Sonra farklı zamanlar ve farklı tutumlar geldi. Yavaş yavaş meslektaşlarım tarafından da tanınmaya başladım. Eski dostların ve tanıdıkların çalışmalarını net bir şekilde algılamanın ve takdir etmenin ne kadar zor olduğunu tecrübelerimle biliyorum. Mesafe istiyorum. O zaman en azından mutlak değer olarak biraz benzer.

Petersburg'a. 2005 g

Petersburg. 2005 g.

Ağaçlar. 1992 g

Ağaçlar. 1992 g.

Sadovaya Caddesi'nin ağzı. 1995

Garden Street Haliç.1995 g.

Çocuklarla birlikte otoportre. 1995 g

Çocuklarla birlikte otoportre. 1995 g.

Mart ayında. 2008 g

Mart. 2008 g.

Bypass Kanalı. 1995 g

Baypas Kanalı. 1995 g.

Pikalov Köprüsü. 2003 g

Piccalou Köprüsü. 2003 g.

Bu makaleyi değerlendirin
( Henüz oylama yok )
Hassan Yıldırım

Hatırladığım kadarıyla, her zaman çevremizdeki dünyanın güzelliğine hayran kaldım. Çocukken, sadece etkilemekle kalmayan, aynı zamanda insanların ruh halini de etkileyen alanlar yaratma hayali kurardım. Bu hayal, iç mimarlık yolunu takip etmeye karar verdiğimde benim için bir rehber haline geldi.
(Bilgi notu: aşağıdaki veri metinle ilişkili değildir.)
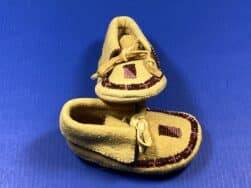 Kathy Andersen (Blackfeet) - Moccasins für Baby mit Glasperlenstickerei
Beyaz eşyalar. Televizyonlar. Bilgisayarlar. Fotoğraf ekipmanları. İncelemeler ve testler. Nasıl seçilir ve satın alınır.
Comments: 2
  1. Onur

    İnanılmaz yetenekleri ve başarılarıyla öne çıkan Alexander Kitaev’in sırrı nedir? Nasıl bu kadar başarılı oldu? Ne gibi özelliklere sahip olmalıyız? Merak edenler için bir soru: Kitaev’in motivasyon ve disiplin anlayışıyla ilgili ne gibi ipuçları var?

    Yanıtla
  2. Gizem Avcı

    Please provide the text or information related to “Akıl almaz Alexander Kitaev ve onun St” so that I can formulate a question on behalf of the reader.